Peter Lockley / The Washington Times
Jim Larranaga guided the Patriots to the 2006 Final Four, which has boosted recruiting and increased the CAA's national exposure.Peter Lockley / The Washington Times Jim Larranaga guided the Patriots to the 2006 Final Four, which has boosted recruiting and increased the CAA’s national exposure.

About this time three years ago, George Mason basketball coach Jim Larranaga would start a recruiting pitch, only to hear replies concerning the most basic things.

Where is the school? What sort of team do you have?

Understandably, the Patriots‘ 2006 Final Four appearance - and the team’s return trip to the NCAA tournament last spring - changed the dynamic considerably. Receptiveness increased, and awareness of the Fairfax school expanded.

“Now it’s, ‘This is Coach Larranaga from George Mason,’ [and the answer is] ‘George Mason, wow,’ and there’s some excitement in their voice,” Larranaga said. “We want to keep that going.”

It’s a natural inclination, but there’s also a level of necessity to it as well. As George Mason’s profile expanded, so did the exposure for the rest of the Patriots’ Colonial Athletic Association brethren.

The annual search for “the next George Mason” and the ponderings of any sort of Mason Effect are a reliable source of discussion. But as CAA coaches have learned, the entire league is a winner from the Patriots’ push.

The conference is a more recognizable television commodity.
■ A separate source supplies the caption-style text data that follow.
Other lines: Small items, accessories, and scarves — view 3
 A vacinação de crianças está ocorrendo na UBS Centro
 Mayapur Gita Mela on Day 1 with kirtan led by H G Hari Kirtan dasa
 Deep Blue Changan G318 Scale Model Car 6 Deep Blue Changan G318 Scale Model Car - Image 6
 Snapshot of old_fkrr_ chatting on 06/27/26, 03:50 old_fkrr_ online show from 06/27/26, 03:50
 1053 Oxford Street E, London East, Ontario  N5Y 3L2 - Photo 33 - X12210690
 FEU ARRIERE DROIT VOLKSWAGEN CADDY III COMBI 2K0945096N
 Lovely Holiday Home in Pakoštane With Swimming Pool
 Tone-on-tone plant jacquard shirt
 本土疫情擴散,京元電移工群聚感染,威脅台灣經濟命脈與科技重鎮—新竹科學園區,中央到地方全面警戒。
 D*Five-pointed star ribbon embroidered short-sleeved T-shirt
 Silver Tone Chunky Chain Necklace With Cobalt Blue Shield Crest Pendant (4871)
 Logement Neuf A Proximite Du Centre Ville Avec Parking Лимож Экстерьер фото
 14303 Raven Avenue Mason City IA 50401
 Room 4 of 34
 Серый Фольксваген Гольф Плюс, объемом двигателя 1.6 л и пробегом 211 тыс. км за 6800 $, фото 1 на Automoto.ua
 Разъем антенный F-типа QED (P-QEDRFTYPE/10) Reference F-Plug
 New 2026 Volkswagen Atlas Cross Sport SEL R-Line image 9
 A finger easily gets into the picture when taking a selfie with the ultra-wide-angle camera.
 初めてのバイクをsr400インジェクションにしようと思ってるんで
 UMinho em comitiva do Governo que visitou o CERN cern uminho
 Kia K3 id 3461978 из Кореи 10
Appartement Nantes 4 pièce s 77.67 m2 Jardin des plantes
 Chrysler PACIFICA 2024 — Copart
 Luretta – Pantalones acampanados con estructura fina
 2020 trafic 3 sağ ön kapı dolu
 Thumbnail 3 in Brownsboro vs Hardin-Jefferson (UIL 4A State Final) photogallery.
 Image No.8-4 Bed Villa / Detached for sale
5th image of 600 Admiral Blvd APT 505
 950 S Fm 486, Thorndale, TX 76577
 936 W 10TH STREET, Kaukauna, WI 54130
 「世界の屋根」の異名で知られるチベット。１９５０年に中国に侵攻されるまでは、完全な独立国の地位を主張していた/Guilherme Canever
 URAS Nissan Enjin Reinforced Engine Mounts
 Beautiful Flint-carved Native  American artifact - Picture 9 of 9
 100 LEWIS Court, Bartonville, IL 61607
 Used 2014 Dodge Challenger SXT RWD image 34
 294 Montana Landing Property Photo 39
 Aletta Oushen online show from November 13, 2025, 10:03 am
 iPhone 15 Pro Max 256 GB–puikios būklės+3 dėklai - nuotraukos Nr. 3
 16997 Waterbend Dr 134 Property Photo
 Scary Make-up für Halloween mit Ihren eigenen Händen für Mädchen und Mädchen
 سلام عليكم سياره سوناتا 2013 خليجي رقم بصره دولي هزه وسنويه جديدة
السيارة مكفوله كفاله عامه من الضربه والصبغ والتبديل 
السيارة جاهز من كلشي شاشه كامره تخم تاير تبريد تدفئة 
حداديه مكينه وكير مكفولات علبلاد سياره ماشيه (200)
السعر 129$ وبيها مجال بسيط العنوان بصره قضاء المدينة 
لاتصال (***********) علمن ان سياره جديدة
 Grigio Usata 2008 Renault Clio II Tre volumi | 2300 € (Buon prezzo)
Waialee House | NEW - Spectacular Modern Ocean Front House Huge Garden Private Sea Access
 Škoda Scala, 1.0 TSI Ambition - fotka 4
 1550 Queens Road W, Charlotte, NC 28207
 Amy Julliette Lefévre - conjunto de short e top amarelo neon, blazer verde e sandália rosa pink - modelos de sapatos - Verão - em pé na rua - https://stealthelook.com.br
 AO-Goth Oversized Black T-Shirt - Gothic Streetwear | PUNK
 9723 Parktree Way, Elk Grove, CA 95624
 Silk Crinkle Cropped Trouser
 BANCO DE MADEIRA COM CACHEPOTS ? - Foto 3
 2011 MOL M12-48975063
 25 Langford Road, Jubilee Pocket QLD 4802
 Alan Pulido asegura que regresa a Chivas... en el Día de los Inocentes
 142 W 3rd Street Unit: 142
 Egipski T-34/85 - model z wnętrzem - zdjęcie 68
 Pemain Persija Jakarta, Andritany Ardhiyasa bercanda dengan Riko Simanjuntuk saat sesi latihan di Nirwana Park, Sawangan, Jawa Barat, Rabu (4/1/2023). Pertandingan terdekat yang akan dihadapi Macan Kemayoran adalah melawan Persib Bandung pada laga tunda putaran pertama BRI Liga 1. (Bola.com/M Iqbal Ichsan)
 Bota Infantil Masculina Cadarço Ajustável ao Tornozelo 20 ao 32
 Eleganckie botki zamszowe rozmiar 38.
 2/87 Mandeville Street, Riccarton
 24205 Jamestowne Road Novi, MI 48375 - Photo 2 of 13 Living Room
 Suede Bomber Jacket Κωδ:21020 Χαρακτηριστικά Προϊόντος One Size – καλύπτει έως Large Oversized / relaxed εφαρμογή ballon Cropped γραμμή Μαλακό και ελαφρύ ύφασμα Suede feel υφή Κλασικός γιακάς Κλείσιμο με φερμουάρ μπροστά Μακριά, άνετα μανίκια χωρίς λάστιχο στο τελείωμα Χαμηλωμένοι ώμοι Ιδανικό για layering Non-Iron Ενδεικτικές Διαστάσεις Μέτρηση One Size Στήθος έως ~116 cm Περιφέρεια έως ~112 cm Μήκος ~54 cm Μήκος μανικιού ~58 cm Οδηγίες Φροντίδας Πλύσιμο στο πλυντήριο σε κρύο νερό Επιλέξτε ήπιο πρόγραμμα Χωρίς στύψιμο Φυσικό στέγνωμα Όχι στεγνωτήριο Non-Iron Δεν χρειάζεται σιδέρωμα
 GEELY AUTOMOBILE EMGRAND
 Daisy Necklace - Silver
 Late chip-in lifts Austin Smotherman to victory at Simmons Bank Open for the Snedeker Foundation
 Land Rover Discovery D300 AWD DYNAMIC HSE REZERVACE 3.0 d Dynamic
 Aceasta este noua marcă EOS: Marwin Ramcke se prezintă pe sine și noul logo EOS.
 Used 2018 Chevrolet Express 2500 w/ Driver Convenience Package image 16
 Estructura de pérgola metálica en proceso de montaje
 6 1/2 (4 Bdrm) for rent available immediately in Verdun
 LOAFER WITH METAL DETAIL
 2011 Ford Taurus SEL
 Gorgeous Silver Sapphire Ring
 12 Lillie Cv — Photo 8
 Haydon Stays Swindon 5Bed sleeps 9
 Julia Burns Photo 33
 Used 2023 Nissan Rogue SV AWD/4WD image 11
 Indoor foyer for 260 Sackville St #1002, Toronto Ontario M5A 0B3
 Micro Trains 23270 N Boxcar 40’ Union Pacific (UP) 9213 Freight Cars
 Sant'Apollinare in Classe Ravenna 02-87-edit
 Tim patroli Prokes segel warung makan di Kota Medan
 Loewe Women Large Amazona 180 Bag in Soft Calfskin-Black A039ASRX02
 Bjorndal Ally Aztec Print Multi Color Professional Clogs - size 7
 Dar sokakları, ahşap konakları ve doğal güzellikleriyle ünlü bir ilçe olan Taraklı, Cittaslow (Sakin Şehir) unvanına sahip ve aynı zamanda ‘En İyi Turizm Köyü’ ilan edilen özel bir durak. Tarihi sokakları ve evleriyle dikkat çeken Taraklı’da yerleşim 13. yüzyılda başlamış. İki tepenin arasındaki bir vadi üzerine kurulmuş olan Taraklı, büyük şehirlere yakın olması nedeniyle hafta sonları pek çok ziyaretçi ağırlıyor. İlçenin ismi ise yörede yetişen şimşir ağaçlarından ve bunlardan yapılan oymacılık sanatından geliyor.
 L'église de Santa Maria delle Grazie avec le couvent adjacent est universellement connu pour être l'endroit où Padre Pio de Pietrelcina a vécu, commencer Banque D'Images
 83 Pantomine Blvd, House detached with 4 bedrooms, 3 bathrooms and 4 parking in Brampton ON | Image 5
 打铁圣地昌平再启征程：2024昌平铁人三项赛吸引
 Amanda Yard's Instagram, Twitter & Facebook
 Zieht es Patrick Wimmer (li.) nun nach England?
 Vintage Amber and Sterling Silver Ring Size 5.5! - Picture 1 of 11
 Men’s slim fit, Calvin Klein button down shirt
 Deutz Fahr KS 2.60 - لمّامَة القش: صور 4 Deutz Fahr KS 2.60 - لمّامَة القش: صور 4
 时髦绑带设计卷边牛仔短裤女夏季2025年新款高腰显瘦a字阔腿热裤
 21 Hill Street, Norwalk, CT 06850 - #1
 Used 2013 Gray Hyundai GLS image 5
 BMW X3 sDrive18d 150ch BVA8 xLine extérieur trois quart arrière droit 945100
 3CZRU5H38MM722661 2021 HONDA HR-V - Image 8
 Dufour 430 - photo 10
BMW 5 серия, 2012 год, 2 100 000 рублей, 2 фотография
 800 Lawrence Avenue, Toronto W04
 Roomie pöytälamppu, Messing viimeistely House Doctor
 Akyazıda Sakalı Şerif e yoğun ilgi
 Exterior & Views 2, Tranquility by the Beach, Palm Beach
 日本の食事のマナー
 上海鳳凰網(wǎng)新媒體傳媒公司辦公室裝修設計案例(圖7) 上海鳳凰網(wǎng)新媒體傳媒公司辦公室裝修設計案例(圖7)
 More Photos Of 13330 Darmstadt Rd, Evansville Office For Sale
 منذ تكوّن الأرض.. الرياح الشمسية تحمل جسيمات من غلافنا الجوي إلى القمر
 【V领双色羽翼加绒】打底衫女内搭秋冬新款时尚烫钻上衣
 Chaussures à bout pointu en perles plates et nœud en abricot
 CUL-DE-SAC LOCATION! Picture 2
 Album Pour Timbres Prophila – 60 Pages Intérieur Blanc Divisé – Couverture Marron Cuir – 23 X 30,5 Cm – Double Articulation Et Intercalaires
It placed multiple teams in the NCAA tournament in 2006 and 2007. And perhaps most important in the long run, any coach in the league can mention the Final Four without fear of being brushed off.

“George Mason changed the face of this conference, and then VCU followed up by beating Duke in the first round [in 2007],” Towson coach Pat Kennedy said. “We’re probably going to sign four kids in the early signing period, and four years ago I probably couldn’t have gotten into their homes.”

It’s a class Kennedy believes will be the best in school history, and he proudly declared that his verbal commitments spent their other official visits taking trips to Atlantic 10, Big East and Conference USA schools.

In some ways, the rise of the Atlantic 10 about 15 years ago is a reasonable parallel. Drexel coach Bruiser Flint was an assistant at Massachusetts in the early 1990s as the Minutemen emerged as a national power.

But in the years before that, there was one recognizable program in the conference recruits were sure to know.

“We always looked at Temple because Temple was the team that always did everything,” said Flint, who later was the Minutemen’s coach. “When we said we played against Temple, everybody’s eyes lit up. Then it got to the point we didn’t have to talk about Temple anymore. Everybody knew about everybody in the league, and I think the same thing is happening here.”

Of course, no one benefits as much as George Mason, which is coming off a 23-11 season and opens Saturday at Vermont.

For years, Larranaga’s recruiting strategy was predicated on using the District as a bull’s-eye and then seeking out players from adjacent states. All five of the starters on the Final Four team were from Maryland, and none grew up more than 100 miles from Fairfax.

The Patriots’ class this year is different, drawing in two players from Florida, one from Charlotte, N.C., and another from New York.